The author's reticence, reminiscent of Greek tragedy, is wonderfully effective and moving. We are reading a superb novel which doesn't want to be a novel; which brilliantly uses novelistic techniques (such as the mysterious, gradually unveiled letters to Ariel) while shuffling them off with distaste; an art which does not want to be art. Even the name Reuven Tamiroff strikes an unreal, faintly absurd note, for The Fifth Son is not about fictional individuals but about the Jewish race. Ariel is, by contrast, the perfect and apocalyptpic name; so is Angel. When the Angel orders the Jews he is about to kill to bow down and worship him, as if he were God, we are harrowed to the core by the thought that he is God. For He allowed it to happen, and Wiesel says he does not understand His silence either.

The book's triumph is that it implicitly recognizes the impossiblity of dealing with the Holocaust in art, and thereby begins to find a language with which to confront the task. No word is thrown away, and the construction is masterly. It is a pity that the jacket-note betrays so much of the plot. But the author might well say that this is a trivial matter, belonging to the realm of fiction not truth.

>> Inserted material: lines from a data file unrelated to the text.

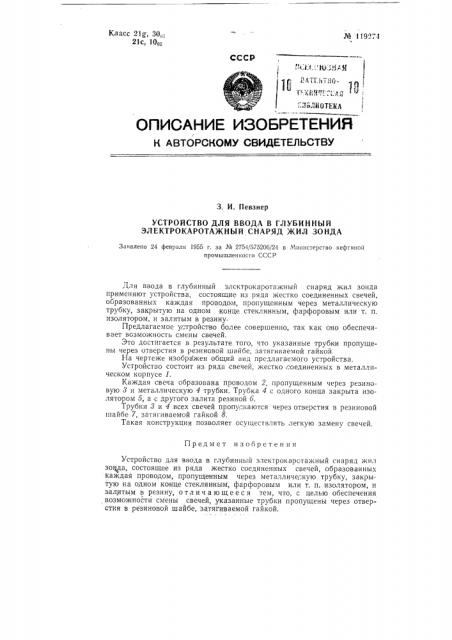 Устройство для ввода в глубинный электрокаротажный снаряд жил зонда (патент 119274)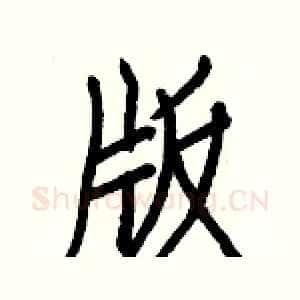 版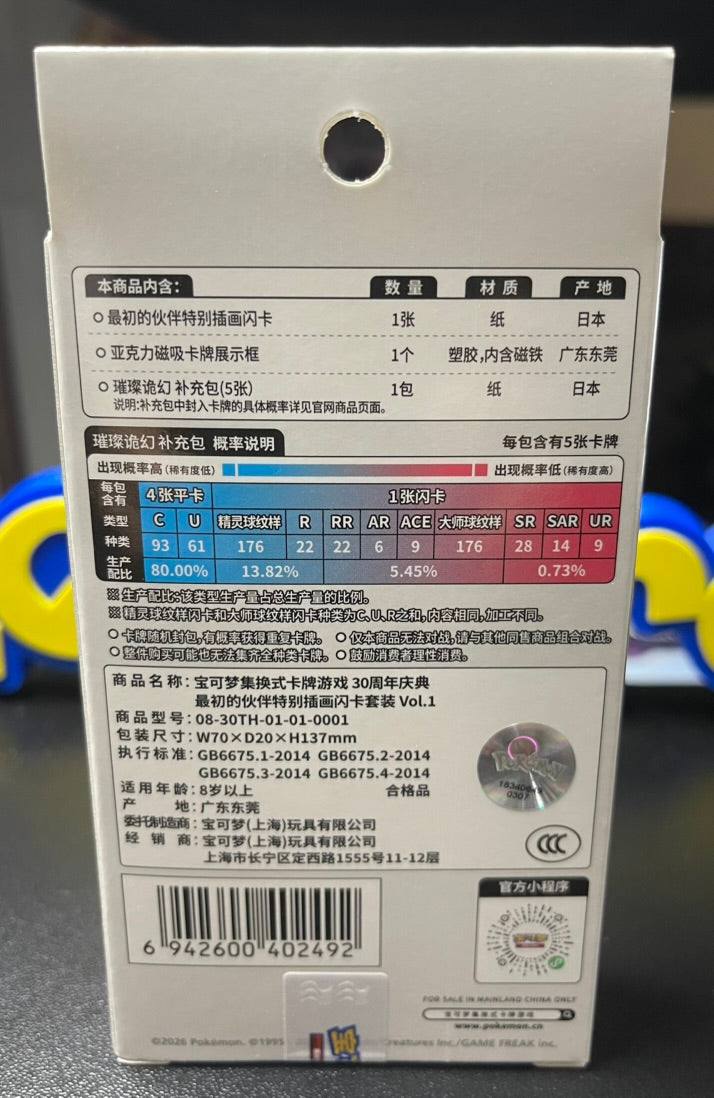 Pokemon First Partners Vol. 3 Chinese Sealed Box image 1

The term 'novel,' indeed, becomes increasingly inadequate as a description of a certain kind of literature, written out of a conviction that the reality of our epoch overwhelms fiction; a form of writing which still needs the conventions of plot and characterization, but as symbols of history. The Fifth Son is of that kind, along with the works of Pasternak and Solzhenitsyn. The word "novel" on the jacket, and a summary of the plot in the jacket copy falsify the nature of such works. Poem would be, I think, a more truthful description. I suggest that if we substituted poem for novel in the opening quotation of this review, Elie Wiesel's statement would no longer be valid. Poems can be written about the Holocaust -- and The Fifth Son grandly proves it. They can, and must, be written by Jews and Gentiles alike; for we are all, in our time, children of the Holocaust. I am uneasy about the unremitting and exclusive Jewishness of Wiesel's books. I hesitate to say that, in the face of his personal experience of the agony; but no artist born into the world of universal death can prevent its shadow falling on the blank page.